= Beginning of Section =
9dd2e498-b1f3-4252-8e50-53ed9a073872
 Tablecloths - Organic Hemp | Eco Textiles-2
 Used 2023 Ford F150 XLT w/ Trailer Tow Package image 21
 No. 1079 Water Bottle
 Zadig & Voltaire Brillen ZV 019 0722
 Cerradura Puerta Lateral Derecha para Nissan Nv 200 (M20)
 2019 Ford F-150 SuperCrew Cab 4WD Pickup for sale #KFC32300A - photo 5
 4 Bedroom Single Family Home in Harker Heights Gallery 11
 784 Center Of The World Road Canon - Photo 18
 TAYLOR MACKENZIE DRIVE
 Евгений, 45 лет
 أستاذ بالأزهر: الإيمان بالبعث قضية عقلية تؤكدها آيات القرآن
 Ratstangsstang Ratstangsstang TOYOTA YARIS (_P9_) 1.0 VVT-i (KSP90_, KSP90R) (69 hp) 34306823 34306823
= End of Section =
Set down the complete listing once more, exactly as it stands above.

9dd2e498-b1f3-4252-8e50-53ed9a073872
 Tablecloths - Organic Hemp | Eco Textiles-2
 Used 2023 Ford F150 XLT w/ Trailer Tow Package image 21
 No. 1079 Water Bottle
 Zadig & Voltaire Brillen ZV 019 0722
 Cerradura Puerta Lateral Derecha para Nissan Nv 200 (M20)
 2019 Ford F-150 SuperCrew Cab 4WD Pickup for sale #KFC32300A - photo 5
 4 Bedroom Single Family Home in Harker Heights Gallery 11
 784 Center Of The World Road Canon - Photo 18
 TAYLOR MACKENZIE DRIVE
 Евгений, 45 лет
 أستاذ بالأزهر: الإيمان بالبعث قضية عقلية تؤكدها آيات القرآن
 Ratstangsstang Ratstangsstang TOYOTA YARIS (_P9_) 1.0 VVT-i (KSP90_, KSP90R) (69 hp) 34306823 34306823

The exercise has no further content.